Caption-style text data
▬▬▬▬▬▬

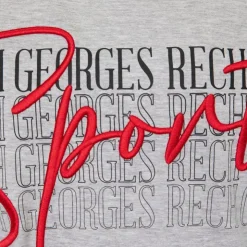 GEORGES RECH Tee shirt coton bandes épaules texte Sport brodé Homme GRIS CLAIR Discount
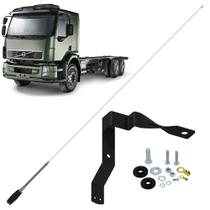 Antena Inox Px Mini Maria Mole 1,40m Alongador 15cm Suporte Dianteiro Frontal LD Carona Volvo Vm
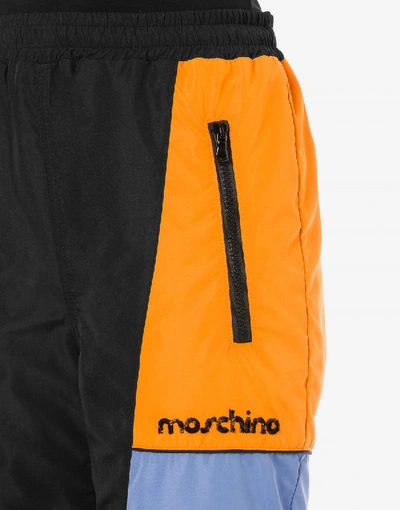 Shop Moschino Nylon Jogging Broken Logo In Multicoloured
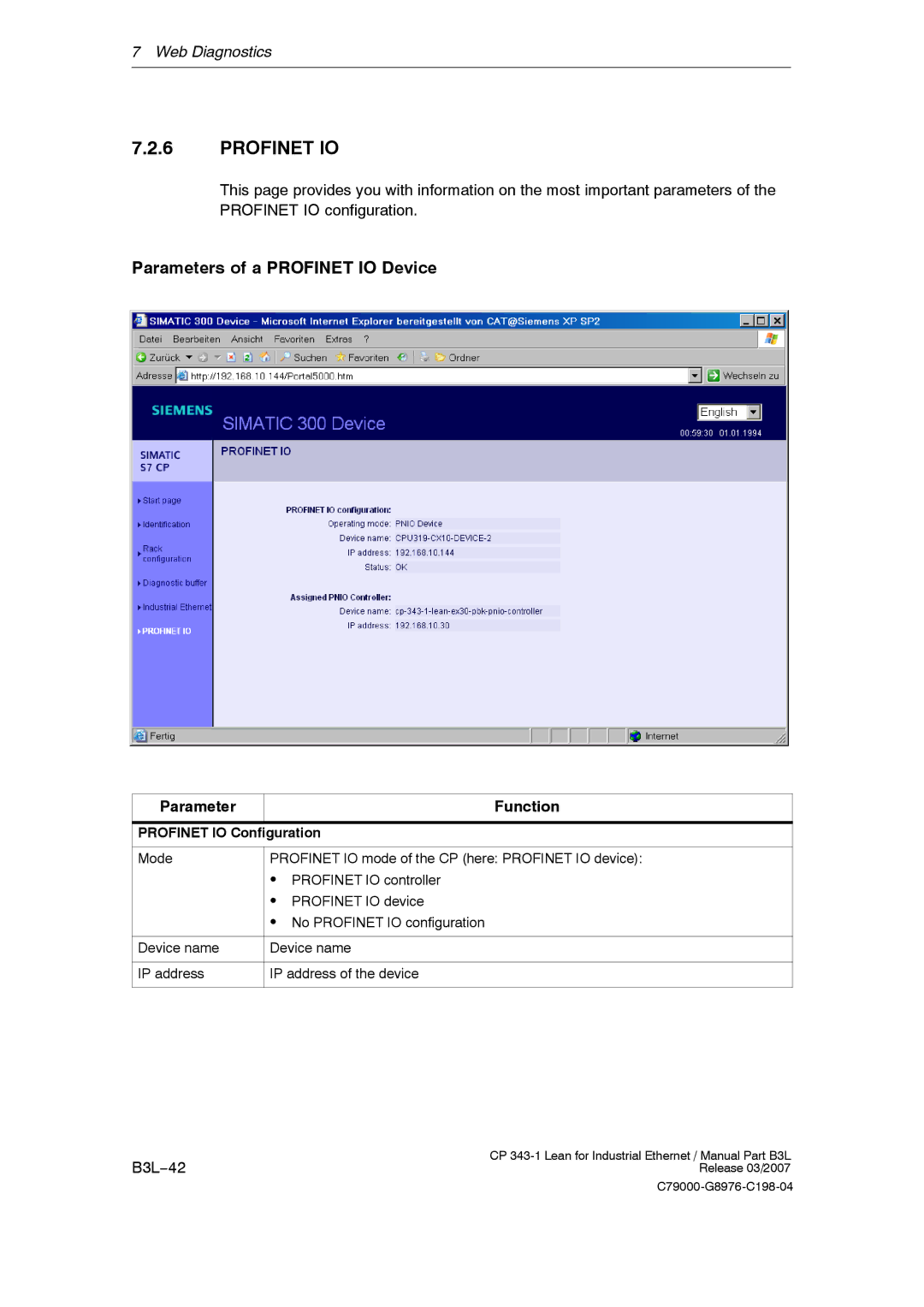 Siemens CP 343-1 manual Parameters of a Profinet IO Device, Profinet IO Configuration 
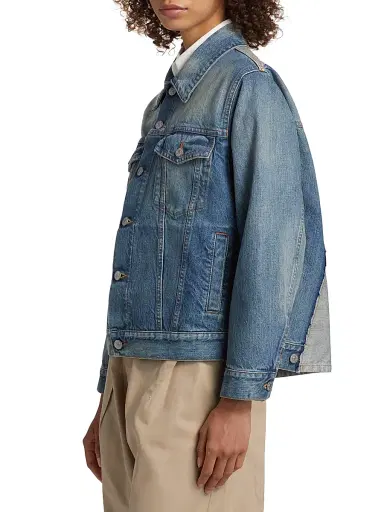 MM6 MAISON MARGIELA Women's Denim Button-Front Jacket - Medium Blue - Size 8 | Thumbnail 4 MM6 MAISON MARGIELA Women's Denim Button-Front Jacket - Medium Blue - Size 8 | Thumbnail 4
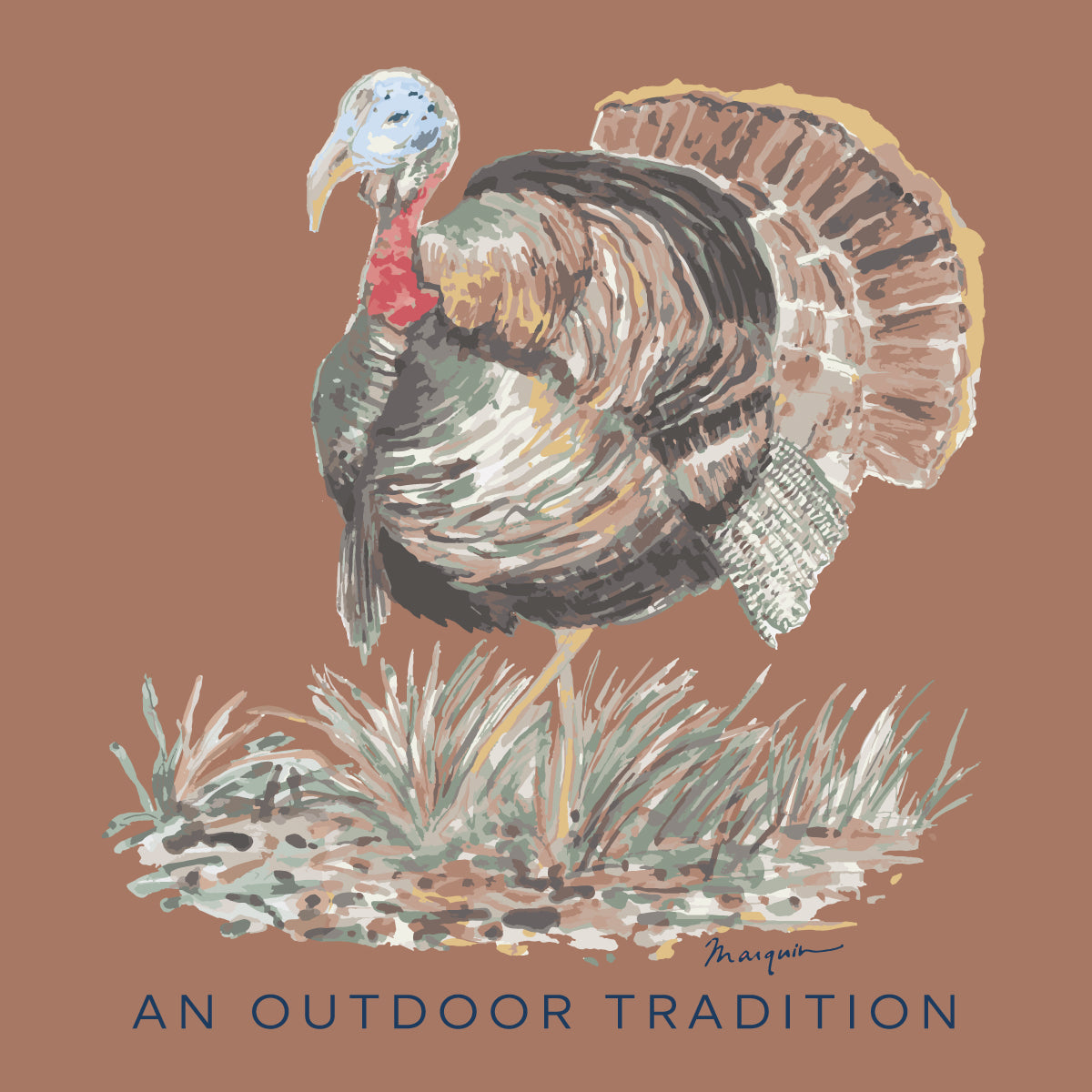 An illustrated turkey standing on grass against a warm brown background, with the text 'AN OUTDOOR TRADITION' at the bottom.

▬▬▬▬▬▬

> What the task requires
Could you write out exactly the lines running from the one with "Siemens CP 343-1" through the last line of the data above, both ends kept, and omit any picture?

> Answer below
 Siemens CP 343-1 manual Parameters of a Profinet IO Device, Profinet IO Configuration 
 MM6 MAISON MARGIELA Women's Denim Button-Front Jacket - Medium Blue - Size 8 | Thumbnail 4 MM6 MAISON MARGIELA Women's Denim Button-Front Jacket - Medium Blue - Size 8 | Thumbnail 4
 An illustrated turkey standing on grass against a warm brown background, with the text 'AN OUTDOOR TRADITION' at the bottom.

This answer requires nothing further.